Prompt:
All of the entries below must be copied out exactly.

Listed entries:
-- Opening Marker --

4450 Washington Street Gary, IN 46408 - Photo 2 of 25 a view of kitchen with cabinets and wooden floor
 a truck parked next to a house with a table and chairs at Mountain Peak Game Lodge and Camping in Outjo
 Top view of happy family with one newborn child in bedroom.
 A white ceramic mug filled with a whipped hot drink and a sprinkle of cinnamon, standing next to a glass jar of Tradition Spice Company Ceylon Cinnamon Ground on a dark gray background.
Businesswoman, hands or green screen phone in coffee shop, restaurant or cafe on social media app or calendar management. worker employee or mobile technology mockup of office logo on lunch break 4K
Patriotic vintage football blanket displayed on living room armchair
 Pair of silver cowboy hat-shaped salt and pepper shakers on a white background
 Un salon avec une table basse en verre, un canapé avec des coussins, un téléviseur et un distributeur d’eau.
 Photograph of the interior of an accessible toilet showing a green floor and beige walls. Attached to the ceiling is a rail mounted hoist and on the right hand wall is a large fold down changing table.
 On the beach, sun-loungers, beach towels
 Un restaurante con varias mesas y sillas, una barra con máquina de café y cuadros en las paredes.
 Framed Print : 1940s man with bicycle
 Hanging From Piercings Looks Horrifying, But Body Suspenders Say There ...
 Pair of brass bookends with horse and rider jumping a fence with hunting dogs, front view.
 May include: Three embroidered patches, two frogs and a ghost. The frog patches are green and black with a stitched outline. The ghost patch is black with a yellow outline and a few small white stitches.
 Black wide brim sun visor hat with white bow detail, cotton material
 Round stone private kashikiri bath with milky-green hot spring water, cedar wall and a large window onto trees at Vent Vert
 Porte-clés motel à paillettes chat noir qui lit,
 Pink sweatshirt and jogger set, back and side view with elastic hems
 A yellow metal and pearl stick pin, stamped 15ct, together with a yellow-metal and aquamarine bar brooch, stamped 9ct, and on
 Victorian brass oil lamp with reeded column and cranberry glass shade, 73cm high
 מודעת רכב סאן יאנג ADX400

-- Closing Marker --

Written solution:
4450 Washington Street Gary, IN 46408 - Photo 2 of 25 a view of kitchen with cabinets and wooden floor
 a truck parked next to a house with a table and chairs at Mountain Peak Game Lodge and Camping in Outjo
 Top view of happy family with one newborn child in bedroom.
 A white ceramic mug filled with a whipped hot drink and a sprinkle of cinnamon, standing next to a glass jar of Tradition Spice Company Ceylon Cinnamon Ground on a dark gray background.
Businesswoman, hands or green screen phone in coffee shop, restaurant or cafe on social media app or calendar management. worker employee or mobile technology mockup of office logo on lunch break 4K
Patriotic vintage football blanket displayed on living room armchair
 Pair of silver cowboy hat-shaped salt and pepper shakers on a white background
 Un salon avec une table basse en verre, un canapé avec des coussins, un téléviseur et un distributeur d’eau.
 Photograph of the interior of an accessible toilet showing a green floor and beige walls. Attached to the ceiling is a rail mounted hoist and on the right hand wall is a large fold down changing table.
 On the beach, sun-loungers, beach towels
 Un restaurante con varias mesas y sillas, una barra con máquina de café y cuadros en las paredes.
 Framed Print : 1940s man with bicycle
 Hanging From Piercings Looks Horrifying, But Body Suspenders Say There ...
 Pair of brass bookends with horse and rider jumping a fence with hunting dogs, front view.
 May include: Three embroidered patches, two frogs and a ghost. The frog patches are green and black with a stitched outline. The ghost patch is black with a yellow outline and a few small white stitches.
 Black wide brim sun visor hat with white bow detail, cotton material
 Round stone private kashikiri bath with milky-green hot spring water, cedar wall and a large window onto trees at Vent Vert
 Porte-clés motel à paillettes chat noir qui lit,
 Pink sweatshirt and jogger set, back and side view with elastic hems
 A yellow metal and pearl stick pin, stamped 15ct, together with a yellow-metal and aquamarine bar brooch, stamped 9ct, and on
 Victorian brass oil lamp with reeded column and cranberry glass shade, 73cm high
 מודעת רכב סאן יאנג ADX400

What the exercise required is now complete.